_Task input_.

################

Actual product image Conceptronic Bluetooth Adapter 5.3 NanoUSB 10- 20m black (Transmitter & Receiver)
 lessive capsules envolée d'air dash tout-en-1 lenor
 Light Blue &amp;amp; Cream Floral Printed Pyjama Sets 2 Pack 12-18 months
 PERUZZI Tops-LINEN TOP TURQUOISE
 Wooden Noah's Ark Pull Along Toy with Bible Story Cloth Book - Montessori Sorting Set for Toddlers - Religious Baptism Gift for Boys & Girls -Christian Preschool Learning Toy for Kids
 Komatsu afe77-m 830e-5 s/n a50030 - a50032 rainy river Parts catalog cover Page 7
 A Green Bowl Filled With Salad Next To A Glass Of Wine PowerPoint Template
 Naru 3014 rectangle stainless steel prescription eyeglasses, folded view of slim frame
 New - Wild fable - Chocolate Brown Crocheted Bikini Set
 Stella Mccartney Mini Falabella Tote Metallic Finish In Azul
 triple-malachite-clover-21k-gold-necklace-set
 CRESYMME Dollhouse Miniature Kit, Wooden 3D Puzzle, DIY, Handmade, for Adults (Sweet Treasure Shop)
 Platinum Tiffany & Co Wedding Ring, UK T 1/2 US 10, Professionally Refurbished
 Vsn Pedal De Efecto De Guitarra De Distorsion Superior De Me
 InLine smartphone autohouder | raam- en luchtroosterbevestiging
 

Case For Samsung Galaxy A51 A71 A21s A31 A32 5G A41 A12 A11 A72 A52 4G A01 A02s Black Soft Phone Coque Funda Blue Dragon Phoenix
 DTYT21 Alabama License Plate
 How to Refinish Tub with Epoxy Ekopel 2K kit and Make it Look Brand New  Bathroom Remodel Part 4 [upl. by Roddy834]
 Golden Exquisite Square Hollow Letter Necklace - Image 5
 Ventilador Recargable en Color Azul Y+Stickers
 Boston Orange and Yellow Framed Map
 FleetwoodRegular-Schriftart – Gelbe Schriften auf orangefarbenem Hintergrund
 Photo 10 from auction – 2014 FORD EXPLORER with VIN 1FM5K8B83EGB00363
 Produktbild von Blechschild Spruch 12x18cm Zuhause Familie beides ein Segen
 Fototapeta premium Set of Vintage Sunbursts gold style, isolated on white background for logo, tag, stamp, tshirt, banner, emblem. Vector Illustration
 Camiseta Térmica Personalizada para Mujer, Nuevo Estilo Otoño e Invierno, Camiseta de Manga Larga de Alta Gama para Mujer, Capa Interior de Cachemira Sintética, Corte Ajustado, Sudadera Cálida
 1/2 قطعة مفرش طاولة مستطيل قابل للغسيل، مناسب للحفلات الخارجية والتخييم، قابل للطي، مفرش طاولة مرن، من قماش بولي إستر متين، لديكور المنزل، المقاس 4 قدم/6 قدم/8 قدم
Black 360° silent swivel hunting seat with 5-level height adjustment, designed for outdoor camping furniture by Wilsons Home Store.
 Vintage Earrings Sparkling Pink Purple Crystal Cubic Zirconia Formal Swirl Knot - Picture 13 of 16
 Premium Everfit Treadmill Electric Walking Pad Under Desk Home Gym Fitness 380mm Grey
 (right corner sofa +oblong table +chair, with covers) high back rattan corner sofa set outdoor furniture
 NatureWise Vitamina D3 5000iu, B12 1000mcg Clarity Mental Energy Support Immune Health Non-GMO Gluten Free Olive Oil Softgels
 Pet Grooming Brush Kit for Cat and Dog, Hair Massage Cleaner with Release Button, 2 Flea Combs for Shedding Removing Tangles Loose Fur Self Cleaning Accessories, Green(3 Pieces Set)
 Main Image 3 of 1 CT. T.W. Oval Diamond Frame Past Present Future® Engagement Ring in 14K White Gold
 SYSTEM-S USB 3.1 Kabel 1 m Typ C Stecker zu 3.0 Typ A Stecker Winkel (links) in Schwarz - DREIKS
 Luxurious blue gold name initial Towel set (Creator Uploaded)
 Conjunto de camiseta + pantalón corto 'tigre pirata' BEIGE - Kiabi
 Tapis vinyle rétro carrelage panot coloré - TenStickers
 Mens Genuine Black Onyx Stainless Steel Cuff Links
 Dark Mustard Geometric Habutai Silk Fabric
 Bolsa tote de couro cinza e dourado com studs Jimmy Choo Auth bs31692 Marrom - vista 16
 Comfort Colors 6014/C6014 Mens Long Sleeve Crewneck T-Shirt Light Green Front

################

_Exercise directions_. Each line from the top of the entries above through the line containing "DTYT21 Alabama License Plate" must be transcribed exactly, and no other line may appear.

_Result_.
Actual product image Conceptronic Bluetooth Adapter 5.3 NanoUSB 10- 20m black (Transmitter & Receiver)
 lessive capsules envolée d'air dash tout-en-1 lenor
 Light Blue &amp;amp; Cream Floral Printed Pyjama Sets 2 Pack 12-18 months
 PERUZZI Tops-LINEN TOP TURQUOISE
 Wooden Noah's Ark Pull Along Toy with Bible Story Cloth Book - Montessori Sorting Set for Toddlers - Religious Baptism Gift for Boys & Girls -Christian Preschool Learning Toy for Kids
 Komatsu afe77-m 830e-5 s/n a50030 - a50032 rainy river Parts catalog cover Page 7
 A Green Bowl Filled With Salad Next To A Glass Of Wine PowerPoint Template
 Naru 3014 rectangle stainless steel prescription eyeglasses, folded view of slim frame
 New - Wild fable - Chocolate Brown Crocheted Bikini Set
 Stella Mccartney Mini Falabella Tote Metallic Finish In Azul
 triple-malachite-clover-21k-gold-necklace-set
 CRESYMME Dollhouse Miniature Kit, Wooden 3D Puzzle, DIY, Handmade, for Adults (Sweet Treasure Shop)
 Platinum Tiffany & Co Wedding Ring, UK T 1/2 US 10, Professionally Refurbished
 Vsn Pedal De Efecto De Guitarra De Distorsion Superior De Me
 InLine smartphone autohouder | raam- en luchtroosterbevestiging
 

Case For Samsung Galaxy A51 A71 A21s A31 A32 5G A41 A12 A11 A72 A52 4G A01 A02s Black Soft Phone Coque Funda Blue Dragon Phoenix
 DTYT21 Alabama License Plate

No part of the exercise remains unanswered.